Medical Aspects of the Treatment of Lower Urinary Tract Symptoms/Benign Prostatic Hyperplasia: 5-Alpha Reductase Inhibitors Jaime A. Cavallo, Steven A. Kaplan Icahn School of Medicine at Mount Sinai, New York, NY, United States

MECHANISM OF ACTION Testosterone and Dihydrotestosterone Androgens are steroid molecules composed of 19 carbons and either a keto group (dehydroepiandrosterone and androstenedione) or a hydroxyl group (testosterone and dihydrotestosterone (DHT)) at carbon 17. Testosterone, the most abundant serum androgen in men, is intracellularized and converted by the enzyme 5-alpha reductase to DHT, a ligand with 2–5 times greater binding affinity for the androgen receptor (AR) and with approximately 10 times greater potency for AR transactivation than testosterone [1]. The resulting DHT-AR complex then translocates from the cytosol to the nucleus to induce transcription of androgen receptor-regulated genes (ARRGs). Through activated transcription of ARRGs, DHT is responsible for in utero male differentiation of the urogenital sinus into the urachus, part of the bladder, Cowper’s glands, the prostatic urethra, and the prostate gland; the urethral folds into the penile urethra; the genital tubercle into the penis; and the genital swellings into the scrotum; as well as pubertal growth of facial and body hair [1]. Dysregulation of DHT manifests in such disease processes as acne, hirsutism, male pattern baldness, benign prostatic hyperplasia (BPH), and prostate cancer [2].

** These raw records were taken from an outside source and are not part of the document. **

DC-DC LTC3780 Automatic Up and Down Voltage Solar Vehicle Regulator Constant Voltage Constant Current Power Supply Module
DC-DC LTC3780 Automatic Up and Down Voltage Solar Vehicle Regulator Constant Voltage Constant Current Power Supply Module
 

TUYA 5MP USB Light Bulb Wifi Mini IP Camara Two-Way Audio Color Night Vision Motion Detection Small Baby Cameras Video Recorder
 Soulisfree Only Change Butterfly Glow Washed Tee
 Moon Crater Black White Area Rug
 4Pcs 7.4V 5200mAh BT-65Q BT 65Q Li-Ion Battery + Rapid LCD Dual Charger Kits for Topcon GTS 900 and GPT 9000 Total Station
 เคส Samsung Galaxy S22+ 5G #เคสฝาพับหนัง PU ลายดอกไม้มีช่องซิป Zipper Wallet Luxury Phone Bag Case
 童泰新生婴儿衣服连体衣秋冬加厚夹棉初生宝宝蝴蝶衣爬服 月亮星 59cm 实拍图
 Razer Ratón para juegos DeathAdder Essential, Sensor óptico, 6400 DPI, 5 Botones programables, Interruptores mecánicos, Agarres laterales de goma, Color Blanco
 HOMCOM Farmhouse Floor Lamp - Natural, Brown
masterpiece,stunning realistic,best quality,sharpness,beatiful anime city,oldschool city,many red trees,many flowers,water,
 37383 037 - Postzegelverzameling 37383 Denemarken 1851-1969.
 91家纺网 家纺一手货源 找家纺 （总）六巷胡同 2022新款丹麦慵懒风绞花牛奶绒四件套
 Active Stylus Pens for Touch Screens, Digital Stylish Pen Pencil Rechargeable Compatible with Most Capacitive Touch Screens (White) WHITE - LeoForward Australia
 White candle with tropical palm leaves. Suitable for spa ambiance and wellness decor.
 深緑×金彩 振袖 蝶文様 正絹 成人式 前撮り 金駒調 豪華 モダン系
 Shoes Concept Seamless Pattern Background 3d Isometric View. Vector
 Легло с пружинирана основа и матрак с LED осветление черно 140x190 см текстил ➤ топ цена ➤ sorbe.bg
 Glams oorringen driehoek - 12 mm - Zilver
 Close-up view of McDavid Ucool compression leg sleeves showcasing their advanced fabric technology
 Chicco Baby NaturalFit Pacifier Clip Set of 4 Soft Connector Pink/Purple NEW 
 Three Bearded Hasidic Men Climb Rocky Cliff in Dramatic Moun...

5-Alpha Reductase Enzyme Family The 5-alpha reductase enzyme family is responsible for the conversion of testosterone to DHT. With cofactor nicotinamide adenine dinucleotide phosphate (NADPH), isoenzymes of the 5-alpha reductase enzyme family catalyze an irreversible break of the double bond between carbons 4 and 5 of the testosterone molecule resulting in conversion to the DHT molecule. The 5-alpha reductase Lower Urinary Tract Symptoms and Benign Prostatic Hyperplasia. https://doi.org/10.1016/B978-0-12-811397-4.00009-3 © 2018 Elsevier Inc. All rights reserved.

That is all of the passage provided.